→ **WORK REQUEST**
Skip the pictures. Quote every line below, exactly, from the one with "A photorealistic image" through the final line.

→ **DATA SHOWN**
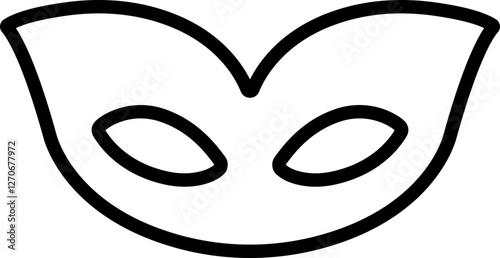 Different Mask silhouette isolated on transparent background Masquerade vector for apps or web party superhero carnival villain or burglar icon in line. costume eye mask hidden person face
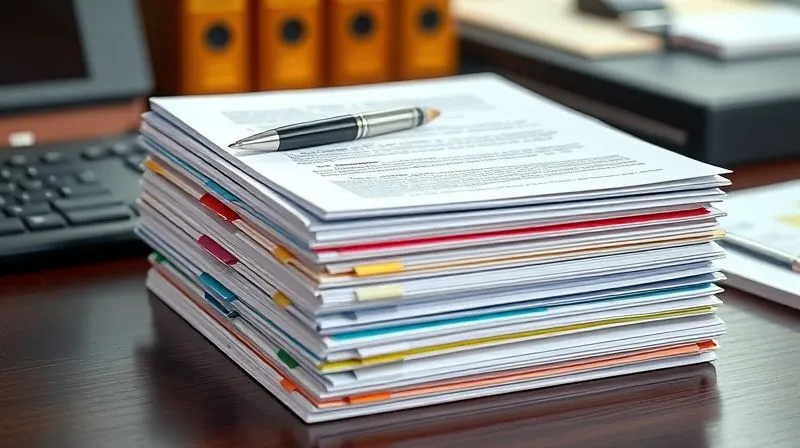 A photorealistic image of a professional desk with a meticulously organized stack of legal documents, each section clearly separated by colorful, labeled tabs. A pen rests atop the stack, with soft, cinematic lighting highlighting the precision, 8K hyper-detailed.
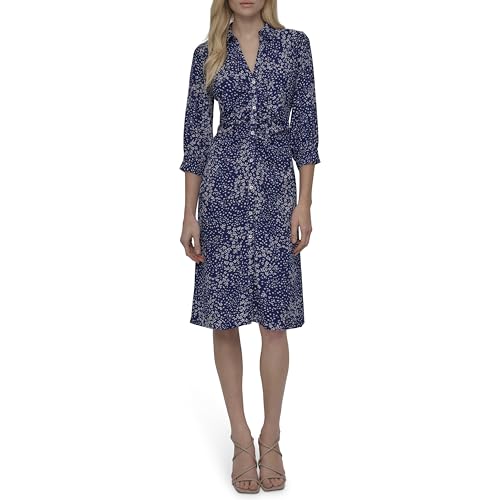 Women's Long Sleeve Collared Midi Shirtdress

→ **REPLY**
 A photorealistic image of a professional desk with a meticulously organized stack of legal documents, each section clearly separated by colorful, labeled tabs. A pen rests atop the stack, with soft, cinematic lighting highlighting the precision, 8K hyper-detailed.
 Women's Long Sleeve Collared Midi Shirtdress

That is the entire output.